In my rural space where I spend alot of time and this past summer I ended up with wild raspberry producing much more than the usual. Like what you witnessed of no need for summer watering this raspberry stand wasn't watered either although it is sprinkled with rain in this location. The big changes to date should be attributed to years of what was a septic leach area that dispersed human effluent for a few years and 10 years ago that were close to the formerly sparsley productive raspberry. The install was my own of long running domes that create a long air chamber 2 feet below the surface. Sometimes by sccident you run into these things and now I'm on track of increasing this method towards other things.
Along another side of the place where I would bring in loads of horse waste and tilled that down also yeilds well to those that rent my garden. I provide river water in a resevoir for them so they water by hand there. I was impressed by a 20 pound cabbage that came out of there by a first time gardener. Not bad for so short of a season for interior Alaska.
The list of those that I personally know who uses wood for an orchard has grown to two people. Your the second one trying this shallow mulch system but I suspect for you the results are kind of trickier to see what has the greatest vantage over the others you use such as the biochar you use. I have used neither yet. The first person I found in this was in Alberta at a newly established upick cherry farm where the orchard had all 5 of the 'romance series' of cherry as they were first selected and released from Saskatchwen. They had been open for picking for at least 2-4 years as I remember and all bushes looked fine but they never recorded any decent crops. Wood chips were brought in and mulched a few inches thick similar to what I found at Paul's web site that I looked at and the way you kind of described it.
There was one individual cherry which produced much more of all the hundreds and to this day it still may not be known why one was.

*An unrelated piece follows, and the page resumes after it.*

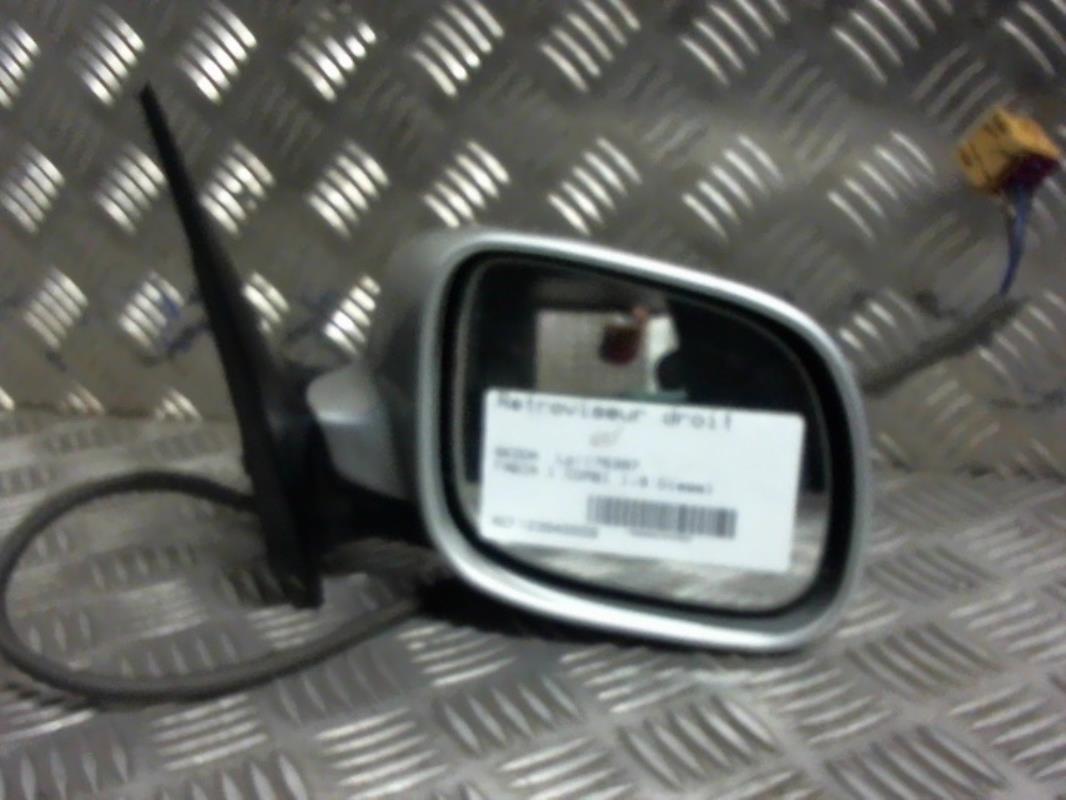 Retrovisor derecho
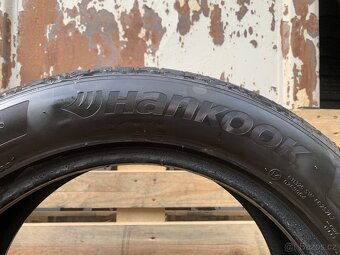 2ks 225/55/18/Hankook/2021/98V letní pneu 5.6m - 5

On the riverfront that belongs to the gardenspace I rent is another cold and challenging land that I would like to compare to the Pete upick operation near Innisfail AB which before it was mine got flooded with trees in the great flood of 1967. About 10 foot of shore was lost that year and at 15 myself my brother and I witnessed this drstruction of trees while our father rented part of the place for beekeeping before he bought it.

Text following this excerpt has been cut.